● **Directions for this task**:
The following entries should be restated word for word, pictures excluded.

Start of Source material

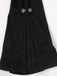 Black 1950s Gothic Lapel Bell Sleeve Lace Coat - vintage fashion, retro style, classic black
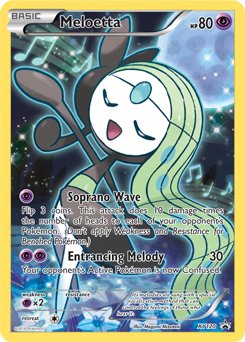 Carte Pokémon Promo Meloetta XY120 de la série Promos XY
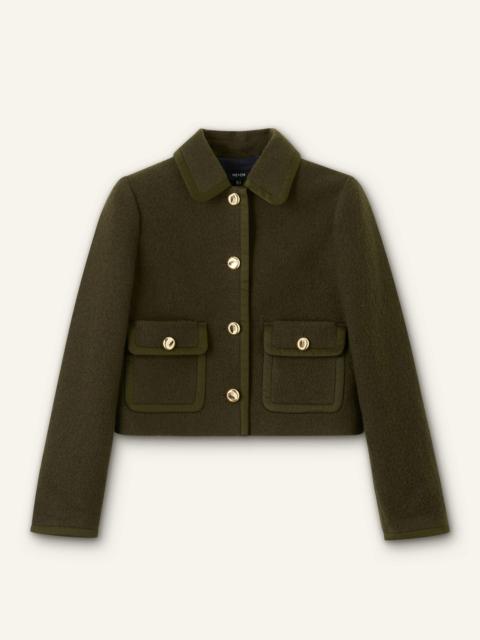 ME+EM Straight Crop Jacket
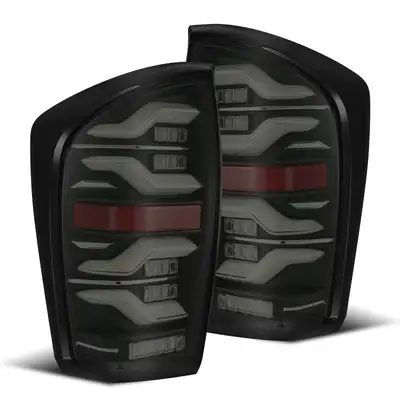 AlphaRex 1623 Tacoma Luxxseries LED Tail Lights Black W/Activation Light & Seq Signal Amber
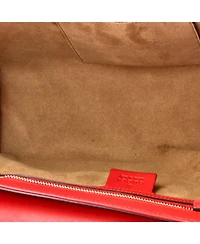 Pre-Owned Gucci Medium Padlock Shoulder Bag Gg Coated Canvas and Leather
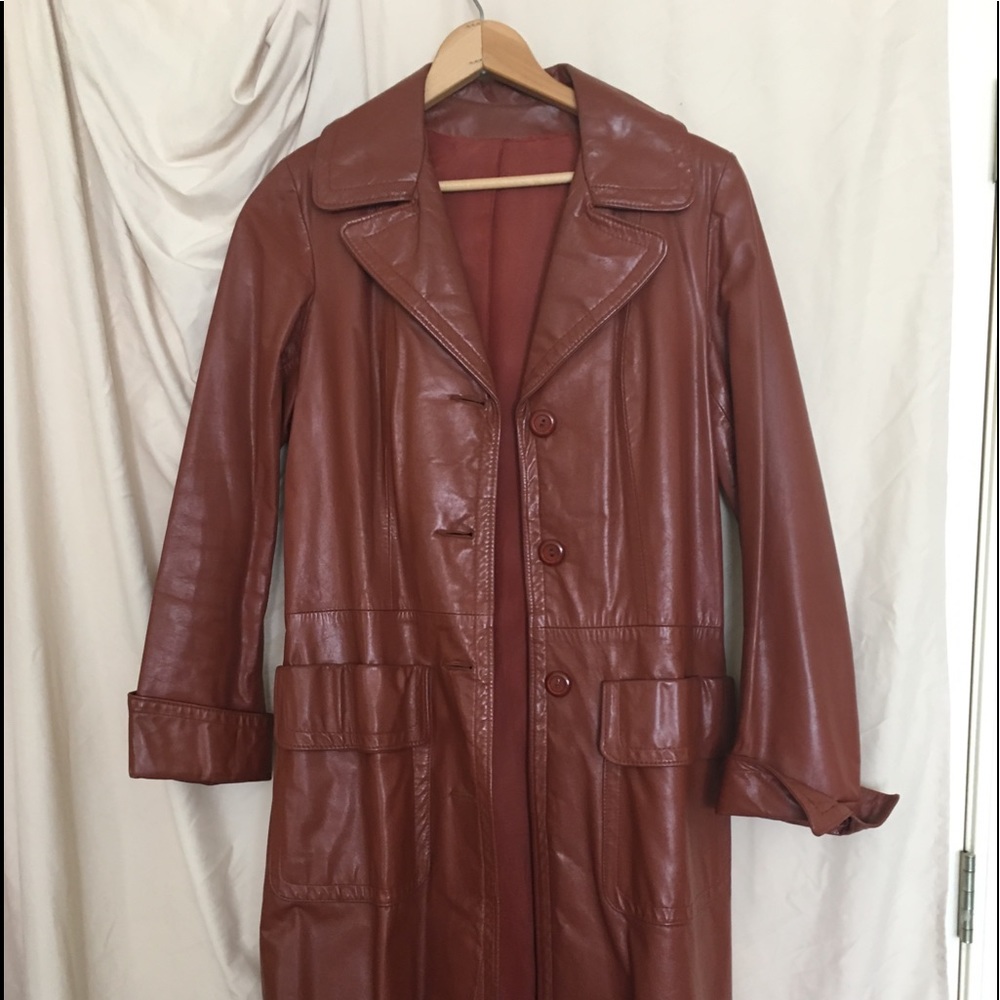 Vintage leather coat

End of Source material

● **Reply to the exercise**:
 Black 1950s Gothic Lapel Bell Sleeve Lace Coat - vintage fashion, retro style, classic black
 Carte Pokémon Promo Meloetta XY120 de la série Promos XY
 ME+EM Straight Crop Jacket
 AlphaRex 1623 Tacoma Luxxseries LED Tail Lights Black W/Activation Light & Seq Signal Amber
 Pre-Owned Gucci Medium Padlock Shoulder Bag Gg Coated Canvas and Leather
 Vintage leather coat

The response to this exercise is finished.